Com o crescimento do número de cursos de mergulho em todo o país, frequentemente vejo algumas poucas pessoas realizando cursos de mergulho com o intuito de se profissionalizar e atuar no mercado de mergulho no Brasil.

Em parte, isso é muito bom pois demonstra que o esporte está em grande crescimento, contudo, a grande preocupação é quanto ao know how que este profissional terá para ministrar cursos de mergulho e repassar suas experiências e conhecimento aos alunos.

Hoje o Brasil conta com diversas certificadoras de mergulho onde é possível realizar o curso  básico, avançado, especialidades, além dos cursos e treinamentos voltados ao profissional do mergulho, como divemaster, assistente de instrutor ou instrutor.

É perceptível que houve um grande aumento de instrutores de mergulho no país e um grande aumento de profissionais que não atua diretamente no mercado. Normalmente são pessoas dentre as quais desejam obter apenas o “status” de instrutor, sem o anseio de atuar no mercado. Isso é bom para quem vende o curso de instrutor, mas é péssimo para quem de fato, depende e trabalha somente nesse mercado.

Se uma pessoa que não pretende atuar no mercado do mergulho e obtém a certificação de instrutor através de uma rápida formação, ela não terá experiência e poderá ministrar seus cursos posteriormente.
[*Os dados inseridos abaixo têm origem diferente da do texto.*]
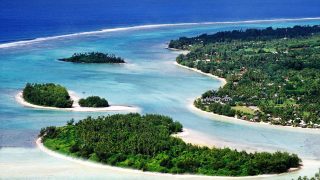 Aerial side-view image of a clear and calm Muri lagoon capturing the forest-covered islets on white sandy beaches with contrasting shades of blue waters of Rarotonga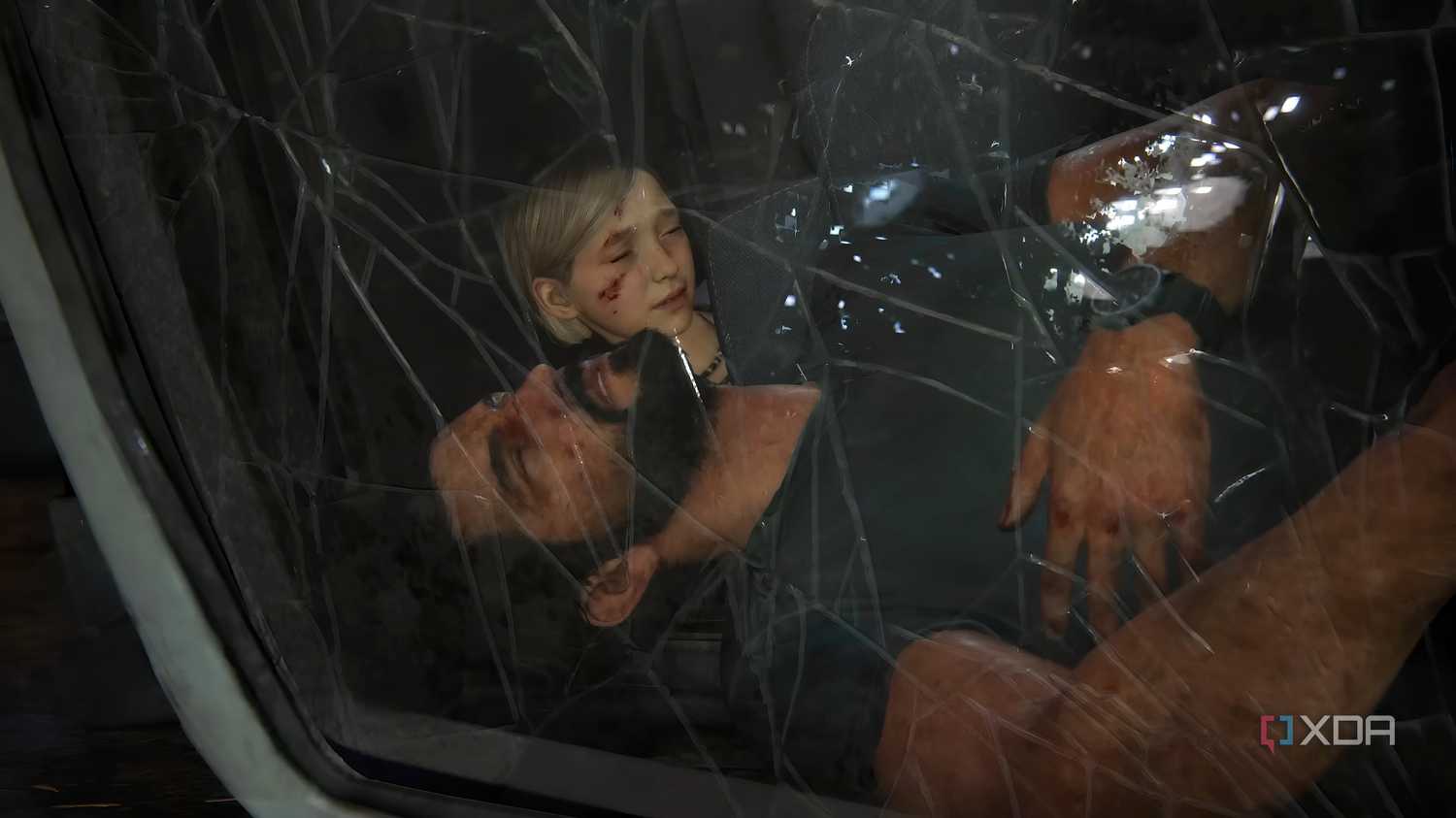 A screenshot from The Last of Us Part I on PC, showing Joel unconscious in a car through a cracked windshield, while his daughter Sarah is behind him, coming to.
Mas será que este instrutor será uma boa referência ?

Na minha opinião não…

Um instrutor deve possuir um bom conhecimento teórico e prático, e no mergulho, isso é obtido mergulhando muito e em diversos locais com características diferenciadas. Mergulhar 500 vezes num mesmo local, não dará uma experiência ao instrutor, pois ele só terá o conhecimento de uma determinada área e condição.

Aliado à falta de experiência deste instrutor, é comum vermos instrutores recém formados e não atuantes no mercado, ministrando cursos de mergulho à familiares e amigos gratuitamente, o que interfere diretamente no mercado, pois este acaba tirando os pretensos mergulhadores das escolas de mergulho que dependem diretamente deste público para continuar atuando no mercado.

Ser um instrutor de mergulho não é simplesmente uma pessoa que repassa a informação teórica, mas uma pessoa que deve ser responsável, ético e que transcenda as expectativas dos alunos, repassando todo o seu conhecimento e experiência em mergulho, de forma que seus alunos possam aproveitar seus mergulhos, tendo conhecimento teórico e prático para conhecer as belezas naturais submersas.

Recomendo para aqueles que ministram cursos de instrutor, que revejam seus conceitos. Não pensem apenas no dinheiro que virá com a venda de mais um curso de instrutor de mergulho para pessoas que não irá atuar e depender diretamente do mercado de mergulho.

Pense que você poderá eliminar possíveis clientes de sua lista, e ao mesmo tempo, induzindo indiretamente pessoas à um risco desnecessário.

Se você chegou até aqui e deseja ser instrutor, pare e pense se realmente é isso o que deseja. Se estiver seguro, tenha a certeza de que possui capacitação e experiência para ministrar os cursos de mergulho.

O mergulho é extremamente seguro, desde que o mergulhador obtenha o conhecimento e treinamento provido por um profissional experiente.

Clecio Mayrink
Nascido no Rio de Janeiro, ingressou no mergulho em 1987 pela CMAS e realizou Dive Master em 1990 pela PADI. Hoje é mergulhador Técnico Trimix (Mergulho Profundo) e de cavernas (Technical Cave Diver e Advanced Cave Side Mount / No Mount). É juiz internacional de apneia pela AIDA e foi membro da expedição de mapeamento da Lagoa Misteriosa em Bonito-MS em 2008. Foi o idealizador do site Brasil Mergulho criado em 1998 (MTB 0081769/SP), atuou como consultor para a ONU, UNESCO, além de diversos órgãos públicos no Brasil.